Dad’s mental health matters too. Dad’s have a unique and great impact on their child’s social and emotional development. Listed below are five starting places for Dad’s to explore their role as a parent and caring for their own mental health.
Dad’s are an important member of the parenting team. The Centre for Perinatal Excellence (COPE) have developed a number of resources with valuable and down to earth advice for fathers and partners on adjusting to life with a baby. COPE explores topics such as what to expect during pregnancy, birth, and life with a baby. Information is included on the signs of anxiety and depression to look out for in men. There are also tips for maintaining positive wellbeing during this transitional time.
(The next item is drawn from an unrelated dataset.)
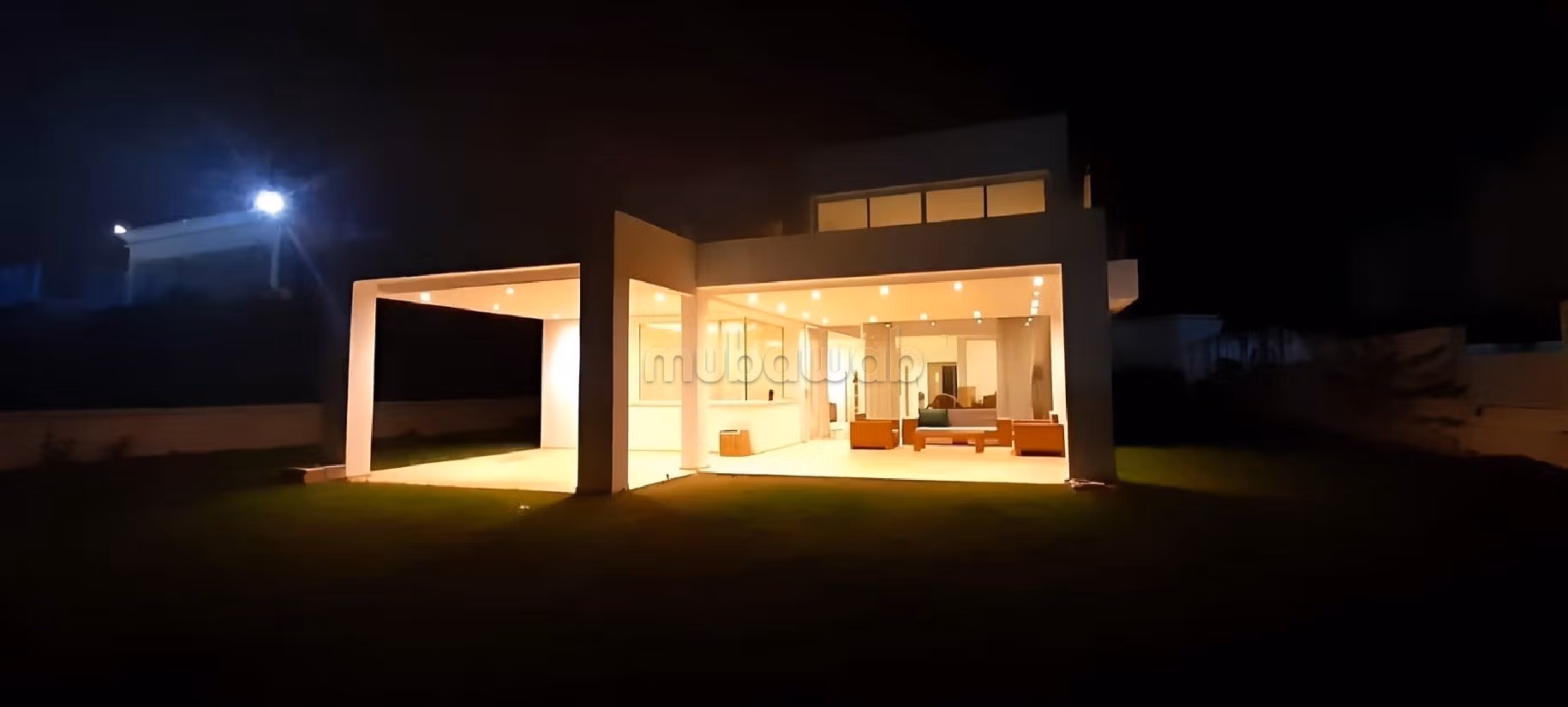 Villas y casas de lujo en alquiler. 4 habitaciones confortables. Piscina y aire condicionado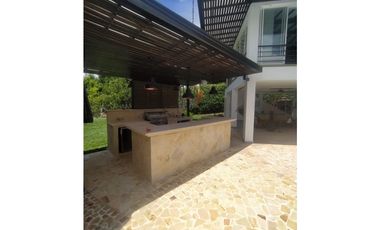 VENTA DE CASA EN SAN JERONIMO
Dad’s can understand what skills and difficulties are age-appropriate. The Raising Children Network and KidsMatter websites provide information on what to expect from children at different ages and when to seek advice regarding a child’s development. Through learning about typical development, dad’s can feel more confident about understanding the many changes that happen as children grow up and how to support their relationship with their child.
Dad’s have strengths that make them great parents. Take a moment to reflect on what qualities are important to you as a parent. Consider how day to day interactions with your child may or may not display these qualities. It can be easy to miss the remarkable moments of strength, kindness and wisdom that all parents share with their family.
Dad’s can seek support for parenting skills. Participating in a group program can be a great opportunity to connect with other people who may be experiencing similar challenges to your family. It can also offer a chance to hear different strategies and ideas that might work in your family. Evidence based programs include Tuning into Kids, Triple P, and Health Dads Healthy Kids. Sometime attending a program isn’t feasible. Luckily, there are online options such as ParentWorks that can be done at home and at your own pace.
Reach out to employers for organisational support. Balancing multiple priorities such as family, friends, work, and leisure activities can be a stretch. If you are feeling stressed or down you may be able to access an employer assistance program (EAP) giving you access to short-term counselling. Alternatively, it may be possible to have a conversation with an employer around family friendly work arrangements.